Due to the high product rate – on average 150ppm – and the flighted belt, deploying a reject device with a return stroke was not considered ideal. To avoid collisions with the belt features and trailing rice bags, Fortress instead created a bi-directional paddle sweep reject. Rejecting contaminated packs on either side of the conveyor, chutes funnel rejected product safely to ground level, securing it behind lock and key for authorized quality control personnel to remove.

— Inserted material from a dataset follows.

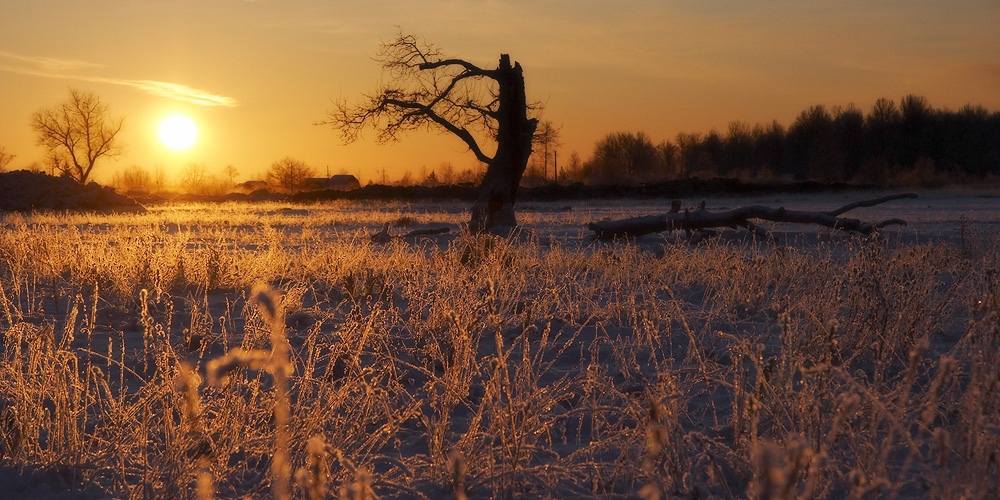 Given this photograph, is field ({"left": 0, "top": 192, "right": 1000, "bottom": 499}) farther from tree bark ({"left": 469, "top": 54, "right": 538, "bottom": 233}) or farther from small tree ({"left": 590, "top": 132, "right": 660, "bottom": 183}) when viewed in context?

For this customer, like many, the sensitivity of each metal detector combined with the compatibility of components, provides added assurance that investments can be spread out. Knowing that the technology will never be obsolete is especially valued, claims Regional Sales Manager Jake Murray. This processor, for example, is currently upgrading more than 10 Phantom metal detectors to Stealth, on machines purchased over 10 years ago.
“These machines are still fit-for-purpose. However, like many expanding companies, this rice producer now requires data logging capabilities. Because Fortress always sticks to its universal modular design, upgrading to a Stealth is very straightforward. Not only does this save customers a lot of money disposing of and replacing assets that remain perfectly functional, it also prevents industrial assets adding to the environmental costs,” Murray said.
As well as being responsible waste stewardship, upcycling inspection assets where possible is a big tick for food processing stakeholders striving to achieve their sustainability reporting goals.